Intermission is Over

by Ryan Benson

Not last night but the night before, I felt the Avett Brothers perform. And that sounds stupid and contrived, but there's no other way for me to put it. I was there, and my aunt was dancing--really dancing--beside me, and everyone was standing, and on stage a man with glasses was playing a cello. And that last part is important, because I've never seen a person be on a stage the way this man was being on a stage. I felt him as he felt my aunt dance. I felt him as he felt my hair, still wet from showering, beat against my back when I swayed. I felt him as he felt people watching him from every crook of the amphitheater. I felt him as he felt his bandmates sweat and sing. This man with the cello was not performing, he was being, and in that there was revolution. In his An Actor Prepares, Stanislavski discusses how in order to captivate an audience, an actor must be on stage in his most natural state; he teaches that when one is on stage she must remember to simply be. And that was what this cellist did. This was not a concert, it was an exchange. An exchange of music, of respect, of a desire to feel and be felt.

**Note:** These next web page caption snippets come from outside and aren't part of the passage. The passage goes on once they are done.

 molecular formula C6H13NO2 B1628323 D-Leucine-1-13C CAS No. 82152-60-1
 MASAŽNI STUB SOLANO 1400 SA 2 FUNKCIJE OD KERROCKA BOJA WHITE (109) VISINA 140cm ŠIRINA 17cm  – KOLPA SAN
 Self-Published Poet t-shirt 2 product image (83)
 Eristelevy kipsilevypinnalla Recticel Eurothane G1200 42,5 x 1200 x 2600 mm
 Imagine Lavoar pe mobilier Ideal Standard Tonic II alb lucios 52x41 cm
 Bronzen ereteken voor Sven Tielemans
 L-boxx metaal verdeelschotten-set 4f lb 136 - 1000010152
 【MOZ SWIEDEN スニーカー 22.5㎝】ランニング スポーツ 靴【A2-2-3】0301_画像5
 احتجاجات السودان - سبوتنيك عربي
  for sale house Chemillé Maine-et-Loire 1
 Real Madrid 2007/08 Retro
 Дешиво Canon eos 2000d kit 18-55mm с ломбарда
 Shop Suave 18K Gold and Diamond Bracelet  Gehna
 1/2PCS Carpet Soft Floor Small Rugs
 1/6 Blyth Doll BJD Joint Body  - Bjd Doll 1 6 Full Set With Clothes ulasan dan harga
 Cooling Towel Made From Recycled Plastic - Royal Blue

Avett Brothers concert 7.8.16
For a long time, I performed on YOUTH. Sometimes, my performances—my posts—were pure and true and felt and were felt. Other times, though, I put on gimmicks and what I wrote or what I photographed was more entertainment than art. And I struggled with this. My creation for YOUTH did not fuel me in the same way that other types of creation fueled me, so I stopped. I spent some time backstage. I worked on other stuff. And in the past months what I’ve realized is that intermissions are important. To nurture a desire for creation, healing is necessary. Before, I did not understand how to simply be on stage the way the cellist for the Avett Brothers is on stage. Yes, before, I was so focused on being felt that I did not try to feel.

Intermission is over. YOUTH will be different, so know this. Expect this. YOUTH will be closer. It will be more like this cellist for the Avett Brothers. It will be an exchange of love, of respect, of a desire to feel and be felt. And in that, there is revolution.